INFORMATION PROVIDED START

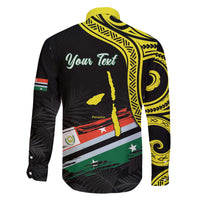 Personalised Vanuatu Penama Day Family Matching Off The Shoulder Long Sleeve Dress and Hawaiian Shirt Grunge Flag Style - Polynesian Pride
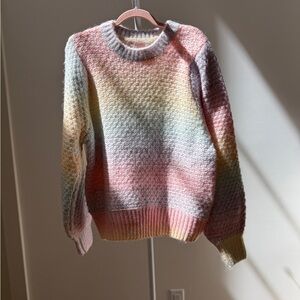 Pastel Ombre Knit Sweater - Women's Crewneck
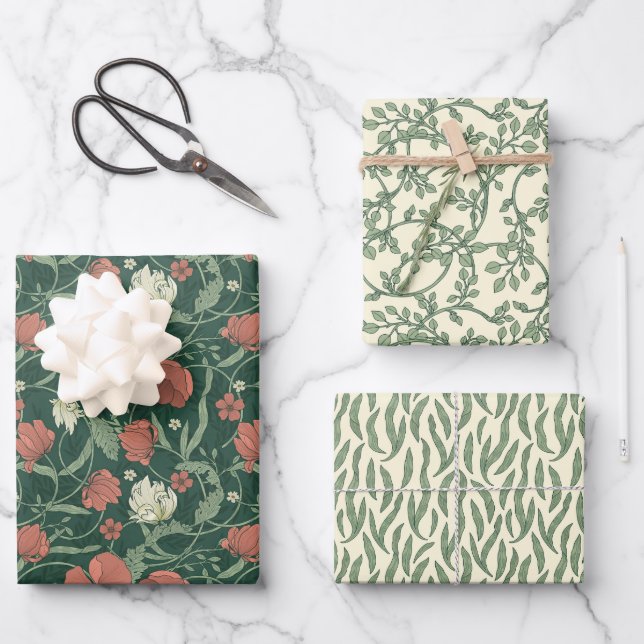 Morris Park Red and Green Floral Demask Wrapping Paper Sheets (Front)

INFORMATION PROVIDED END

ACTIVITY
Leave out the images and write out the listing above exactly.

ANSWER TO THE EXERCISE
 Personalised Vanuatu Penama Day Family Matching Off The Shoulder Long Sleeve Dress and Hawaiian Shirt Grunge Flag Style - Polynesian Pride
 Pastel Ombre Knit Sweater - Women's Crewneck
 Morris Park Red and Green Floral Demask Wrapping Paper Sheets (Front)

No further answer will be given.